The laws below are an overview of some key factors all Seattle landlords should keep an eye out for, especially as renters continue to flock into the city. By keeping a close tab on these laws, landlords can minimize their risk of running into obstacles in the future:

Specific Requirements in Landlord-to-Tenant Disclosures

One crucial component of the landlord-tenant relationship is the type of information that’s required to be disclosed by the property owner. These include, but are not limited to, any fees that may be refundable to the tenant, identifying any individual who may act on behalf of the landlord in his/her absence, or information regarding how to deal with issues surrounding mold in the property. You can find a full list of disclosure requirements here, to ensure you’ve got all bases covered.

Requirements to Return Security Deposits

Seattle rental laws do not necessarily place any limit on the security deposit amount a landlord can ask for, but they do have statutes of limitation on when the amount must be returned. As such, landlords must return the tenant’s security deposit within 21 days of the move-out date, otherwise the former tenant is authorized to take up the matter in small claims court.

Furthermore, certain disclosures that are required for the deposit need to be clearly written out to be valid in the lease agreement, and have specific reasons for which the security deposit may not be returned in full, or at all, depending on the condition of the property upon the tenant’s moving.

First Come First Serve Law for Tenants

This one is among the newer guidelines that Seattle landlords must follow, stating that those who express valid interest in the property first, also get the first option to rent out the home.
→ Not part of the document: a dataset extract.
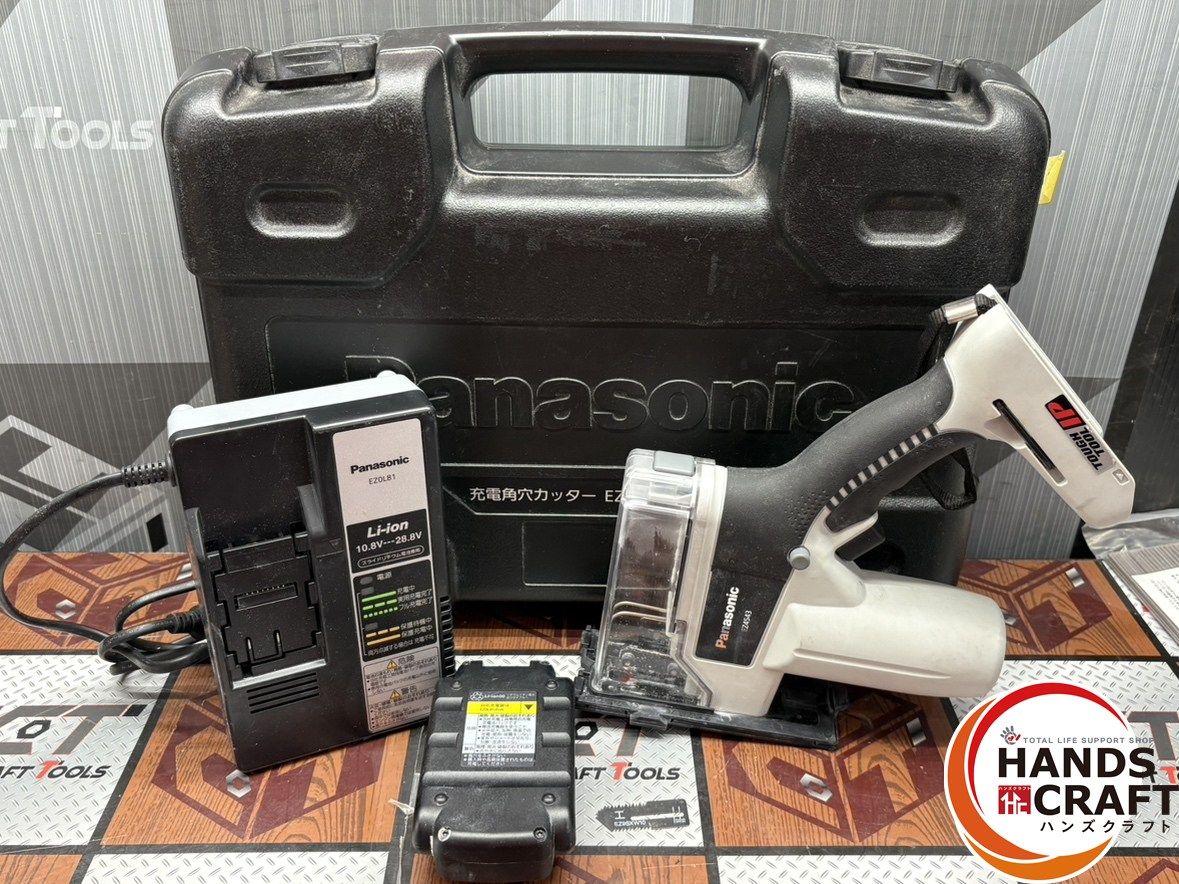 〇パナソニック Panasonic EZ4543LE1S-B 充電角穴カッター バッテリ×1 〇パナソニック Panasonic EZ4543LE1S-B 充電角穴カッター バッテリ×1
In doing so, the “first-come” component is determined based on the date and time the applications were submitted, prioritizing the earliest applications first. Local Seattle rental property management companies can be useful in this case, helping landlords keep track of incoming applications from prospective tenants.

Restriction on Landlords Access to Rental Property

The majority of states have laws and guidelines which require a landlord to take certain actions before they are allowed to enter an occupied unit. For the city of Seattle and the broader state of Washington, this includes a two-day notice from the landlord to the tenant regarding intent of entering. However, this law is bypassed by a one-day notice to the tenant in the event that the landlord is showing the property to a new prospective renter.

The above laws, while only a quick overview of some of Seattle’s quirky renter guidelines are an introduction into many things that landlords need to keep tabs on. Whether trying to find the most qualified renter or trying to safeguard your property against unwanted future conflict, it’s crucial for landlords to have a grasp on what is expected of them when renting their properties. This way, the property owner remains within the legal boundaries to protect themselves, and tenants have a clear understanding of the guidelines they must abide by.